1週間の値動きを振り返ると、結果的にドル円は週初から週末までコンスタントに上昇していることがわかります。

テクニカル的にも強い地合いが見られるため、財務省の介入がなければこのまま152円を超え、153円台への上伸も十分にあり得る状況となっています。

 

Data Tradingview ドル円1週間の動き 

前週末151円台後半に達したドル円がさらに上昇する可能性も

昨年、151.900円レベルで財務省による介入が入ったことは記憶に新しいところですが、2週間ほど前に神田財務官の「スタンバイOK」発言があったこともあり、財務省はそろそろこのあたりで上値を止める動きに出るのではないかという見方が強まっています。

財務省としては、昨年の高値を超える前になんとかしたいと考えるはずであるため、市場ではあえて152円台をつけたところで介入を行う可能性も指摘され始めており、週明けの相場はこの介入をめぐる神経質な展開となりそうです。

14日の火曜日には、10月の米国消費者物価指数(CPI)の発表も控えており、この結果が上昇水準を回復させることになればドル円は上昇し、逆の結果となれば自律的に下落することになりますが、14日までの介入状況によっても相場は複雑化することが予想されます。

米国消費者物価指数(CPI)は、7月に発表された6月分が一旦底を打っており、それ以降は微増もしくは横這い状況となっています。

 

Data Investing.com 米国消費者物価指数

 

Data Investing.com 米国消費者物価指数

介入のタイミングを逸すればドル円は152円方向に上伸か

先週9日、英国ファイナンシャルタイムズのインタビューに応じた植田総裁は、賃金の伸びについて「来年の春闘の結果を見て判断したい」との発言を行っていることから、イールドカーブ・コントロール(YCC)の年明け早々の廃止やマイナス金利見直しは行われないとの指摘が一部の海外金融アナリストからは上がっています。
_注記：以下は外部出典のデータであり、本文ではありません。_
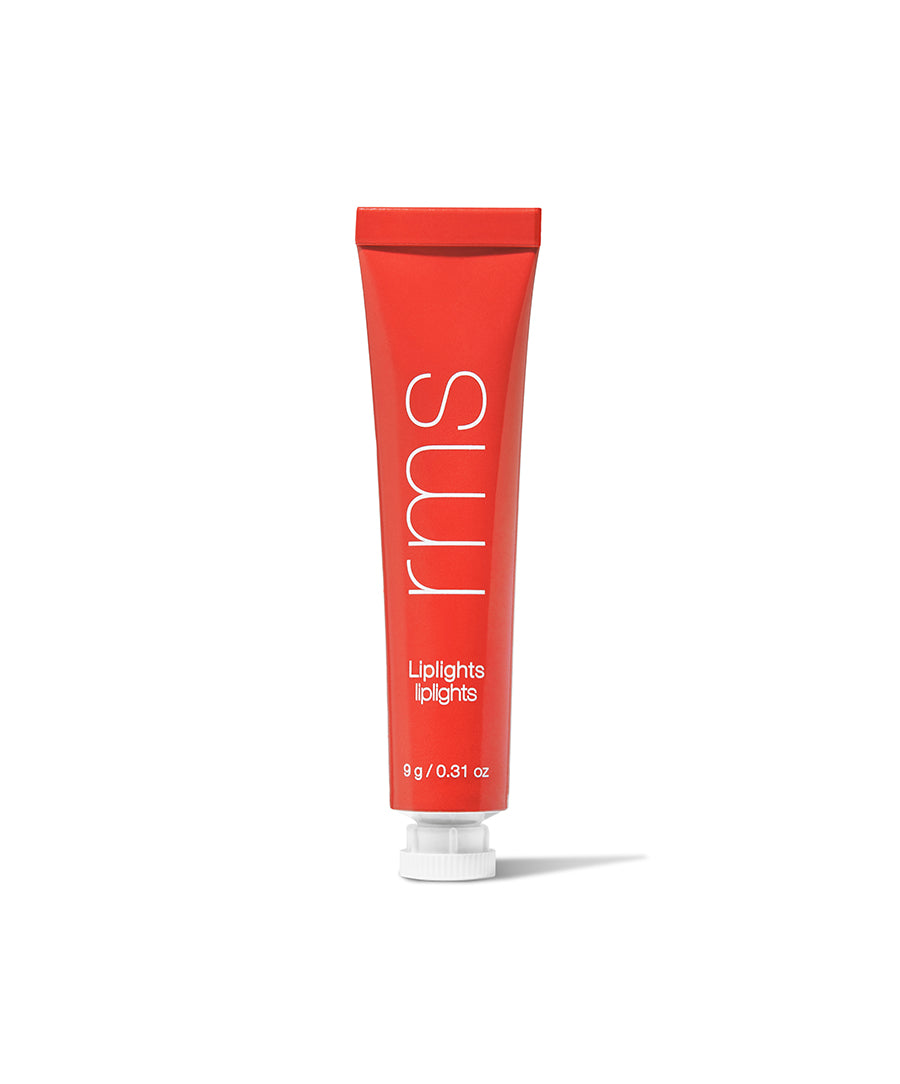 Red tube of RMS Beauty Liplights Cream Lip Gloss standing upright with white text on the front, featuring a minimalistic design and clean beauty appeal.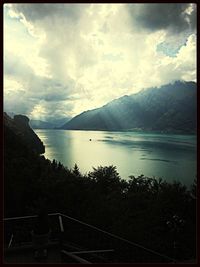 Scenic view of lake against cloudy sky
ということは介入でしか円安を阻止する手立てがなくなるため、財務省がこの水準で介入に踏み切るのか、それとも大きな変動がないことを理由に152円超えまで先送りとなるかが、相場転換ポイントの分かれ道となりそうです。

足元で岸田政権は支持率の低下に苦しんでいるため、輸入物価を抑えるためにも円安を食い止めたいという政治的な要望を受け、財務省がどう判断するのかに注目が集まっています。

ユーロドルはドル円の動きに加え指標発表と要人発言がカギ

Data Tradingview ユーロドル1週間の動き

 

ユーロドルは、週初につけた約2か月ぶりの高値となる1.0757を頂点に反落し、1週間の取引を終えています。

週明けはドル円次第というところで、ドルの勢いがこのまま継続すれば、上昇したはずのユーロが再度 1.0500レベルまで下落する可能性もあります。

週明けは、ドイツの欧州経済センター(ZEW)により11月の景気期待指数が発表されますが、これが予想を下回った場合、相場への影響は大きくなります。

また欧州中央銀行(ECB)の要人発言も相次ぐため、一定のハト派的な発言が形成された場合、ユーロが自律的に下落する可能性もあります。

 

今月は、23日に米国の感謝祭を控えているため、実質的な取引時間は短くなります。

方向性を間違えるとリカバーができないまま、月の取引を終えることになってしまうため、いつにも増して注意深く取引を行う必要がありそうです。